=== Begin Enclosure ===

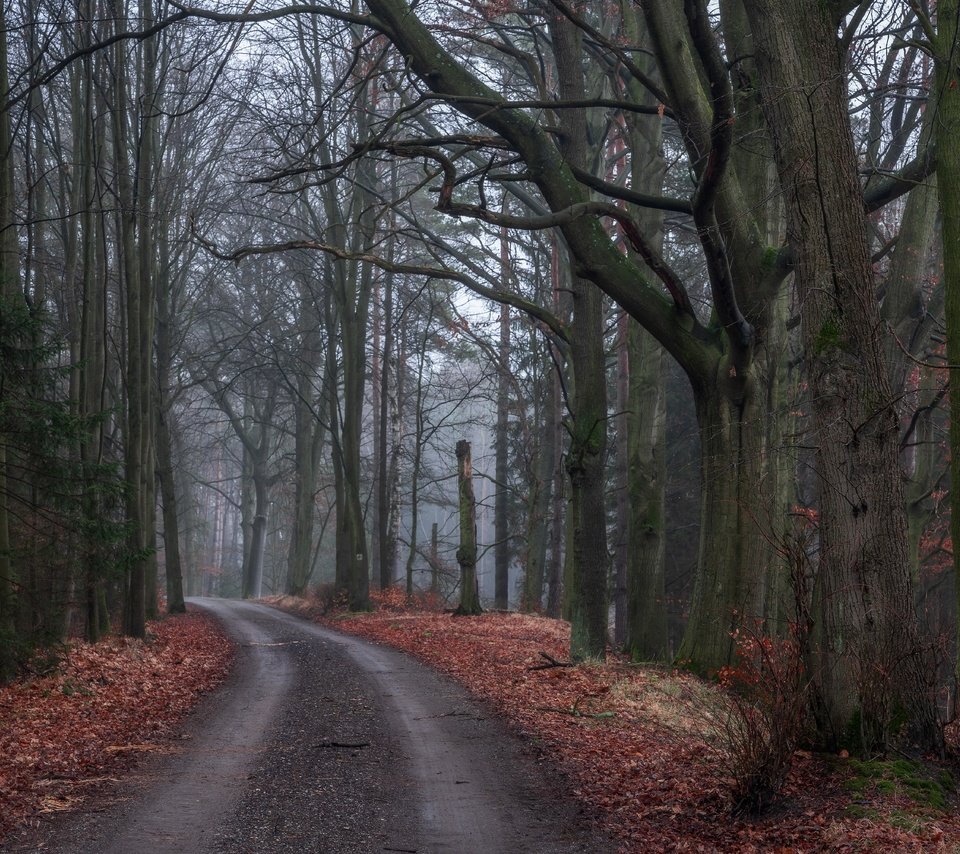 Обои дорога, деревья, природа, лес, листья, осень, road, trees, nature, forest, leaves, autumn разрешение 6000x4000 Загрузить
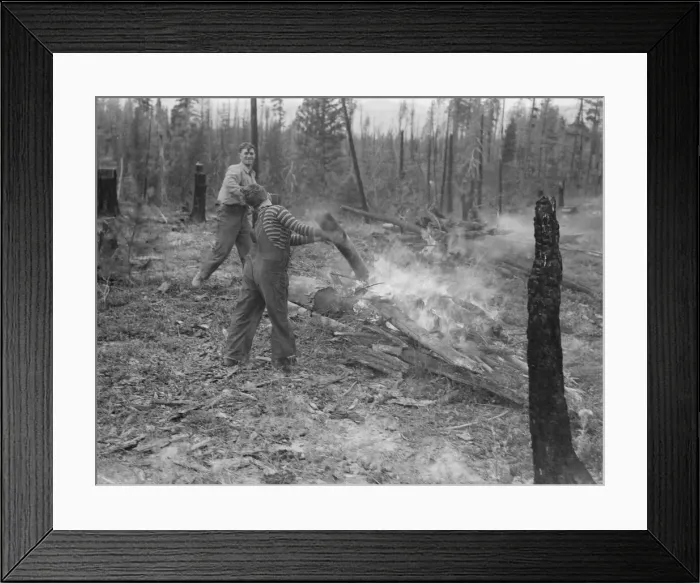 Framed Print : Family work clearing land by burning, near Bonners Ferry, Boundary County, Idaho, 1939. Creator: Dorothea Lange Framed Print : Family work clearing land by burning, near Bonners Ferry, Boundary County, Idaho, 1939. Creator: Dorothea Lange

=== End Enclosure ===
=== Begin Enclosure ===

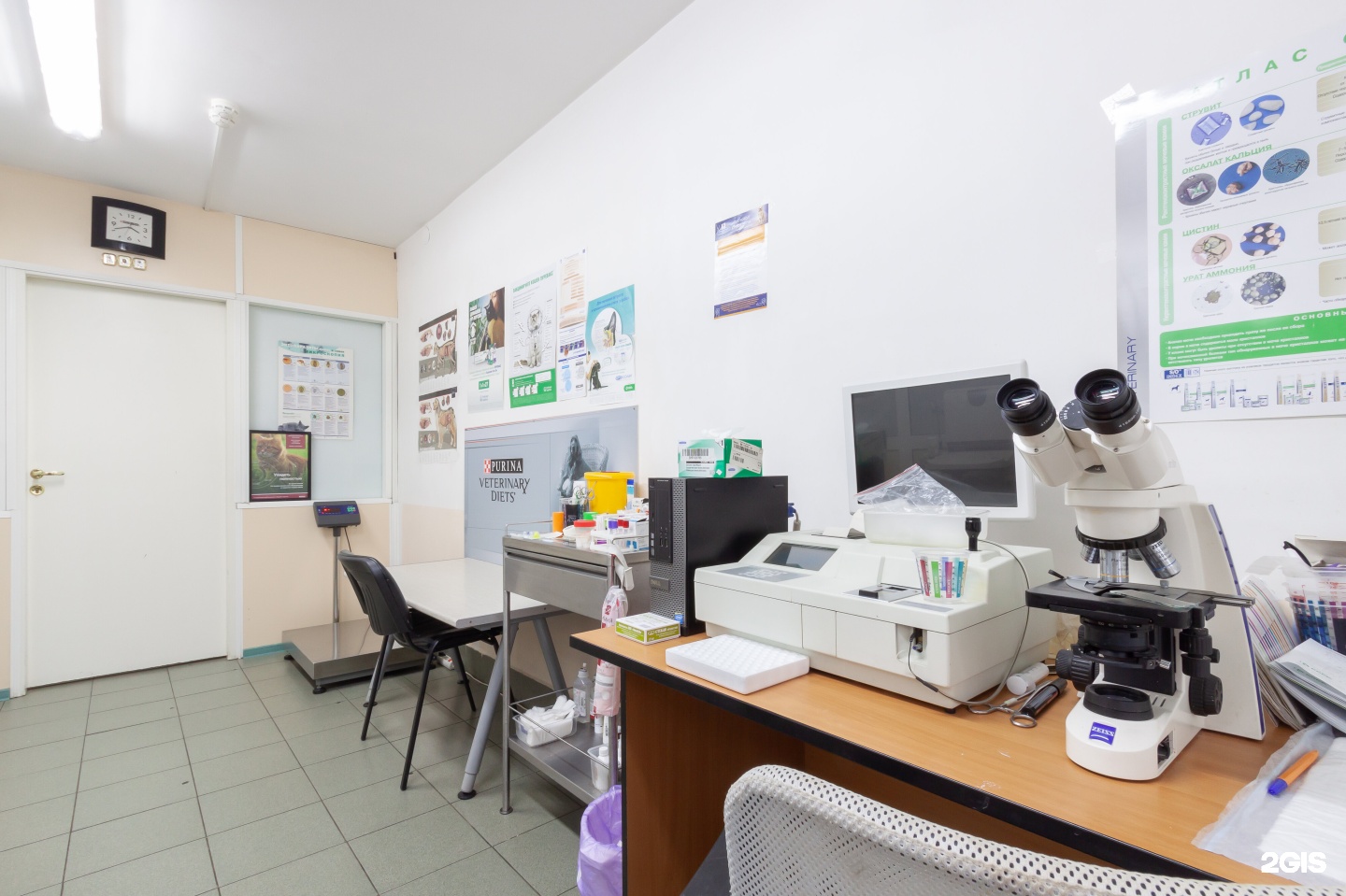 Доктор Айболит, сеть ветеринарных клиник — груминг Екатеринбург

=== End Enclosure ===

● TASK GOAL:
From the records above, transcribe exactly the lines starting at the one containing "разрешение 6000x4000 Загрузить" and ending at the one containing "Dorothea Lange Framed". Skip the pictures.

● RESPONSE TO THE TASK:
 Обои дорога, деревья, природа, лес, листья, осень, road, trees, nature, forest, leaves, autumn разрешение 6000x4000 Загрузить
 Framed Print : Family work clearing land by burning, near Bonners Ferry, Boundary County, Idaho, 1939. Creator: Dorothea Lange Framed Print : Family work clearing land by burning, near Bonners Ferry, Boundary County, Idaho, 1939. Creator: Dorothea Lange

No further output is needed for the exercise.